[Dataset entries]

%%

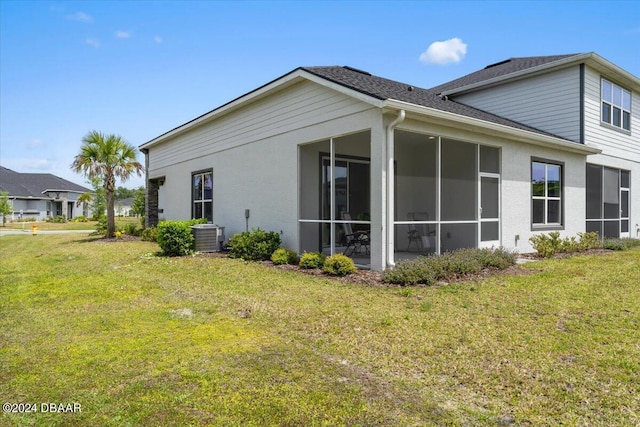 view of side of property featuring central AC unit, a lawn, and a sunroom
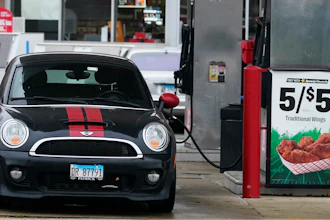 A vehicle is fueled at a gas station in Palatine, Ill., Wednesday, Nov. 8, 2023.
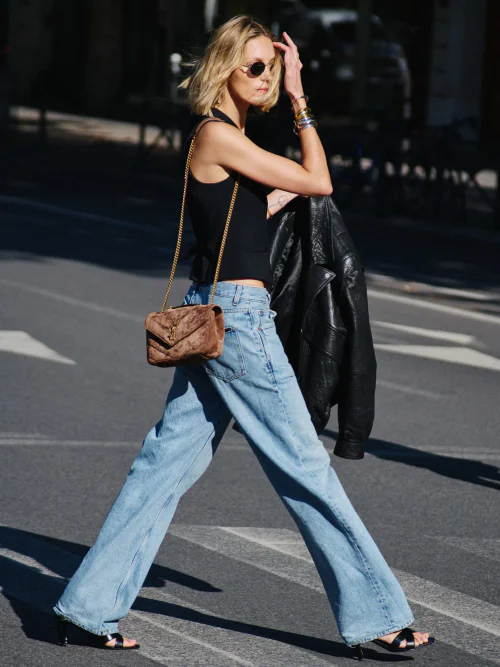Sleek Black Top with Wide-Leg Jeans and Elegant Accessories for City Style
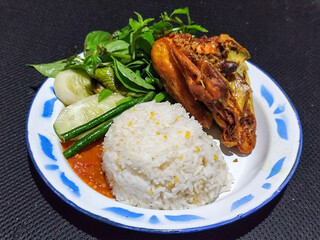 Lalapan ayam goreng. Crispy golden fried chicken dishes, with bright red chili sauce, fresh cucumber slices and a few basil leaves on a white enamel plate decorated with blue.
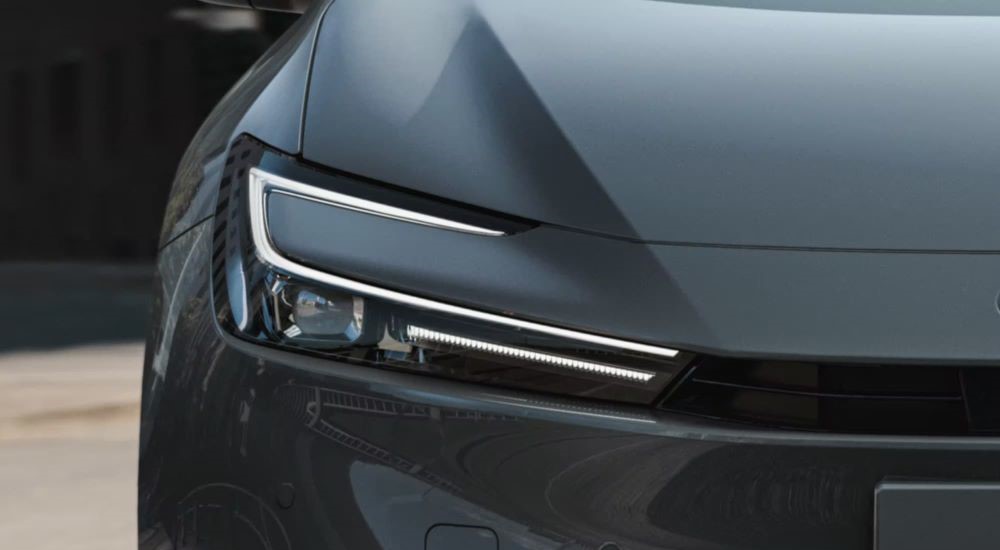 A close up shows the passenger side headlight on a grey 2023 Toyota Prius Prime XSE Premium.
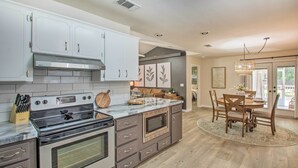 A modern kitchen with a central island, built-in oven, and microwave. There is a dining area with a table and chairs. - Cozy-modern Pensacola Home: Large Yard, Grill (Pensacola)
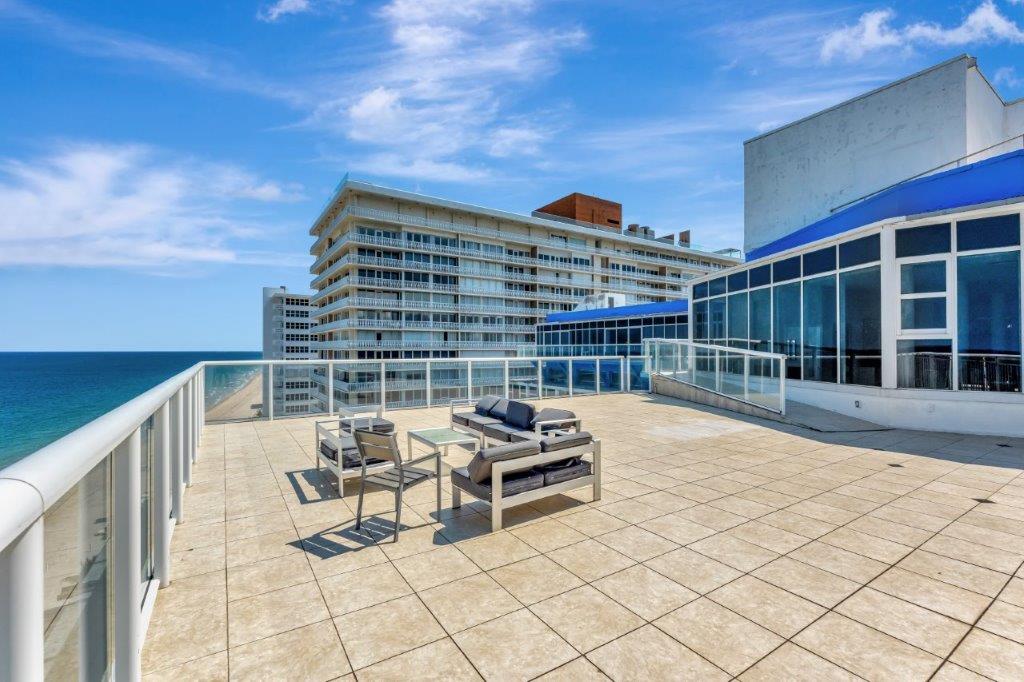 Private rooftop terrace with lounge seating and ocean views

%%

:: Task to carry out ::
Word for word, copy all the entries above, but with no pictures.

:: Task response ::
 view of side of property featuring central AC unit, a lawn, and a sunroom
 A vehicle is fueled at a gas station in Palatine, Ill., Wednesday, Nov. 8, 2023.
Sleek Black Top with Wide-Leg Jeans and Elegant Accessories for City Style
 Lalapan ayam goreng. Crispy golden fried chicken dishes, with bright red chili sauce, fresh cucumber slices and a few basil leaves on a white enamel plate decorated with blue.
 A close up shows the passenger side headlight on a grey 2023 Toyota Prius Prime XSE Premium.
 A modern kitchen with a central island, built-in oven, and microwave. There is a dining area with a table and chairs. - Cozy-modern Pensacola Home: Large Yard, Grill (Pensacola)
 Private rooftop terrace with lounge seating and ocean views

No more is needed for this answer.